Aung San Suu Kyi: Arab Spring is an "inspiration" to the Burmese [-A lesson for one would-be "opposition" party leader in Cambodia!!!]

Burmese democracy icon Aung San Suu Kyi delivers a speech during a ceremony to mark her father General Aung San's 96th birth anniversary at the National League for Democracy (NLD) headquarters in Rangoon, Burma, on February 13, 2011. (Soe Than Win/AFP/Getty Images)

Burma's Suu Kyi says the protests sweeping the Arab World are an inspiration.

June 28, 2011
Global Post

Burma's national hero and democracy leader Aung San Suu Kyi has called the protests sweeping the Arab World an "inspiration" to the Burmese people.

“The universal human aspiration to be free has been brought home to us by recent developments in the Middle East. The Burmese are as excited by these events are as people elsewhere,” Suu Kyi said in a BBC radio interview to be broadcast Tuesday, AFP reports.

The interview is part of a series of BBC Reith lectures that Suu Kyi has given.

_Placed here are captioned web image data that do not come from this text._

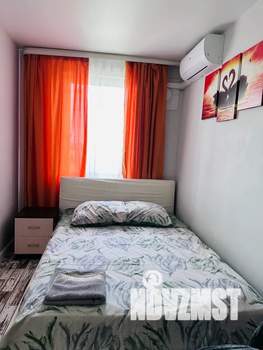 Студия квартира, посуточно, 30м2, 20/25 этаж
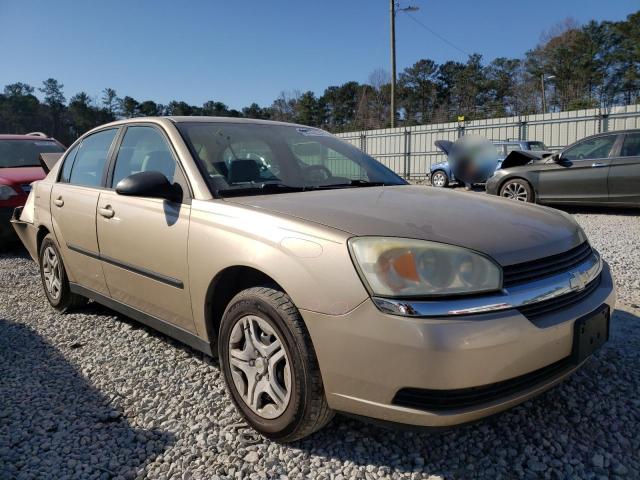 CHEVROLET MALIBU 2004 1g1zs52f44f171023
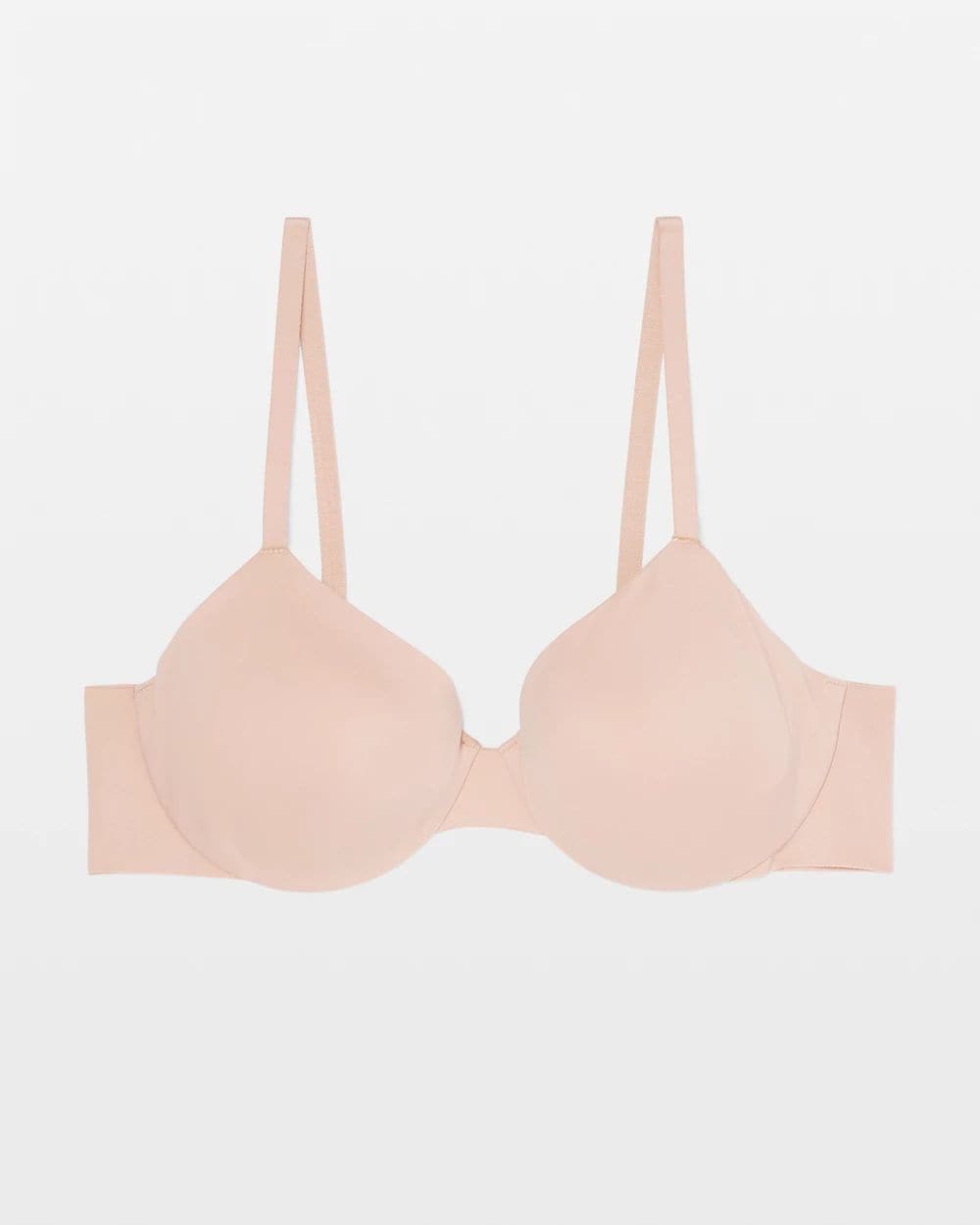 Vanishing Unlined Perfect Coverage Bra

"Unable to broadcast in Burma, she agreed to meet a small team of BBC journalists and engineers who entered the country illegally in order to record her two lectures and smuggle out the tapes. These were played to a small invited audience in London last week, and at the end Aung San Suu Kyi answered questions live by satellite phone, installed by BBC News," the Guardian reports.


Burma, also known as Myanmar, has been ruled by a dictatorship since 1962.

In the interview, Suu Kyi compared the battles in the Middle East against oppressive, authoritarian regimes to her own people's efforts to overthrow their government.

Burmese took to the streets in 1988 and again in 2007 to demand political reform and regime change. Both times, government forces gunned down peaceful demonstrators.

“Why is the Arab Spring an inspiration to the Burmese? Because we have lived it ourselves,” the Nobel laureate said in the interview. “We in Burma envy Egypt’s quick and easy revolution."

The junta freed Suu Kyi in November 2010 after seven straight years of house arrest. Some Burma observers argued the government freed her to distract the international community from the recent fraudulent election.

In the interview, Suu Kyi, 66, makes comparisons between Tunisia's December revolution that overthrew its government, and Burma's protests in 1988, Reuters reports. She said both started with small, seemingly unimportant events that turned into national calls for freedom.

A major difference, she said, is that the Tunisian army did not fire on its own people, whereas the Burmese one did. Tunisia also had more advanced communications.

"The second [difference], and in the long-run probably the more important one, is that the Tunisian revolution enjoyed the benefits of the communications revolution.

"This not only enabled them to better organize and coordinate their movements. It kept the attention of the whole world firmly focused on them," she said.

Suu Kyi also makes the point in the interviews that she does not hold her supporters to non-violence, the Guardian states.

The Guardian reports that Suu Kyi may be using these BB lectures to inject new energy into her supporters in Burma and abroad.